*Work required*: From the material below, reproduce exactly the stretch of lines that begins with the line holding "Euro currency icon" and ends with the line holding "MC Đại Nghĩa", skipping the pictures.

*Input data*:
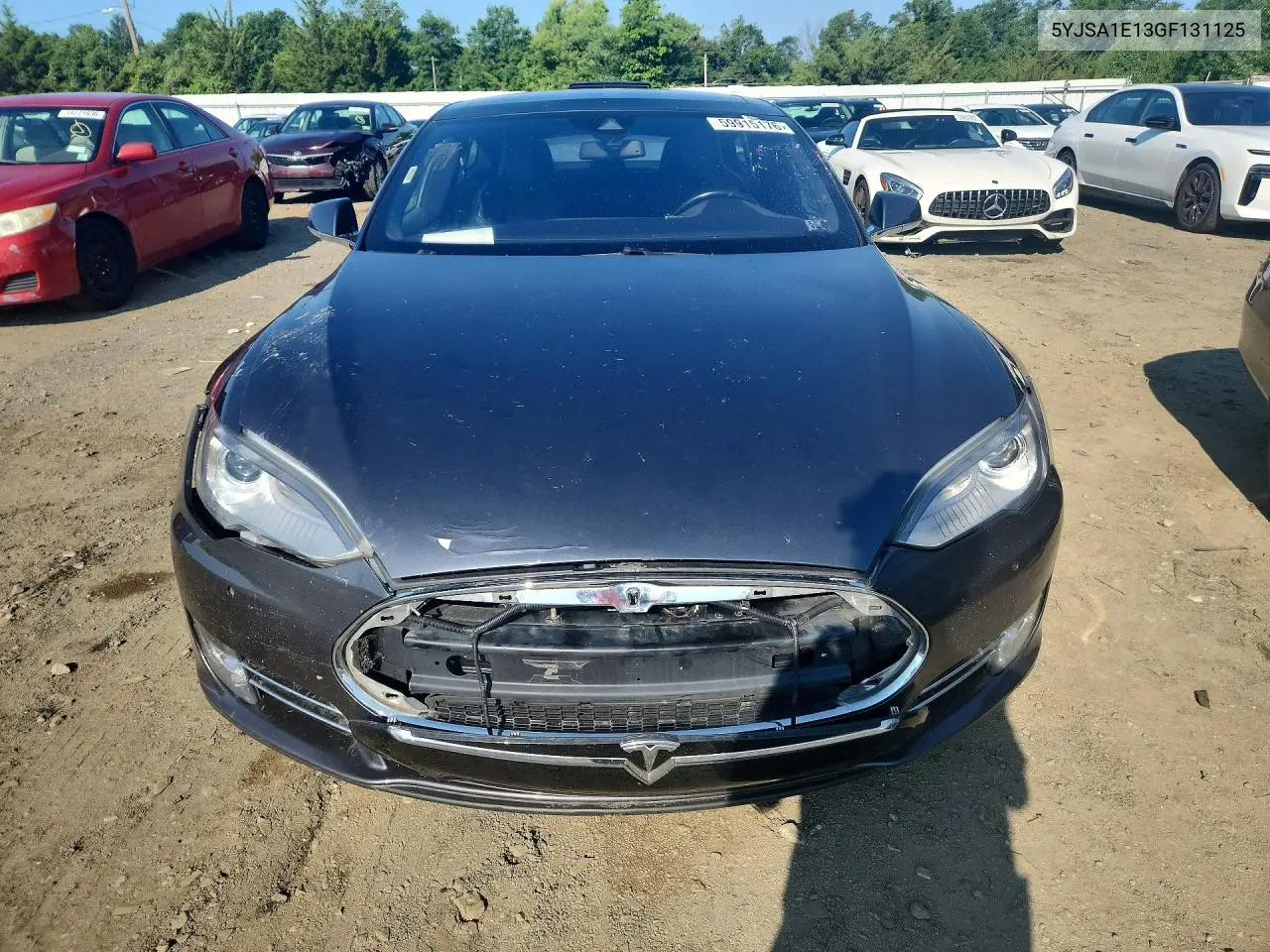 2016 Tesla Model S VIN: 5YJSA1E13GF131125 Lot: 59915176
---
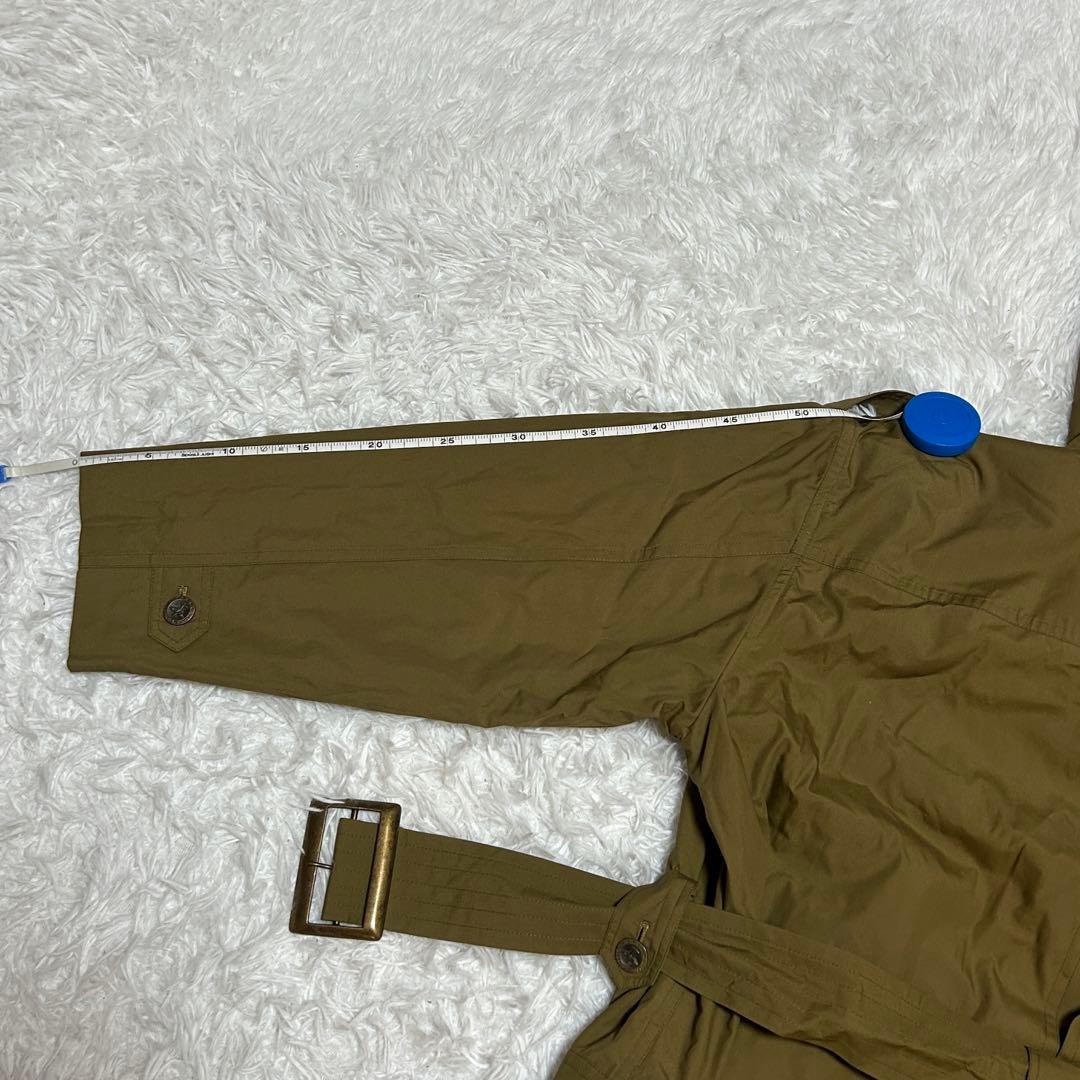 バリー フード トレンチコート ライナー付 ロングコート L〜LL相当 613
...
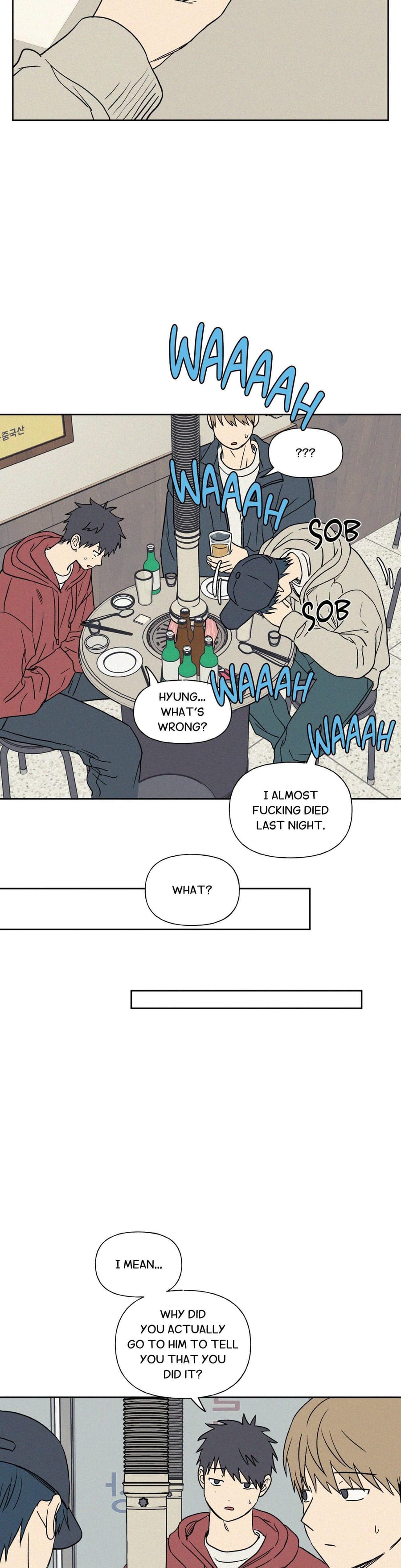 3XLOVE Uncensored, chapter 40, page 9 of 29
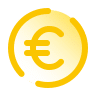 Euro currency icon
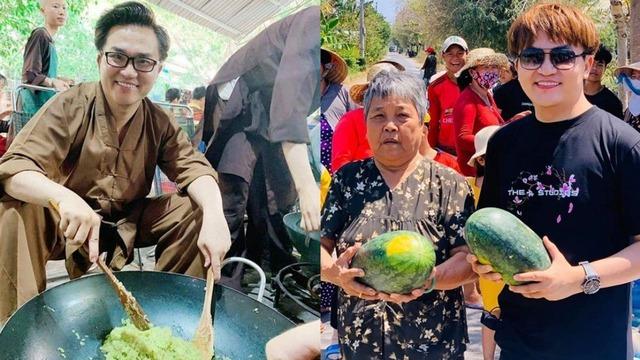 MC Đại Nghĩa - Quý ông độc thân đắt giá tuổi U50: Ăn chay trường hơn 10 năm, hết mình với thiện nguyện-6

*Reply to the task*:
 Euro currency icon
 MC Đại Nghĩa - Quý ông độc thân đắt giá tuổi U50: Ăn chay trường hơn 10 năm, hết mình với thiện nguyện-6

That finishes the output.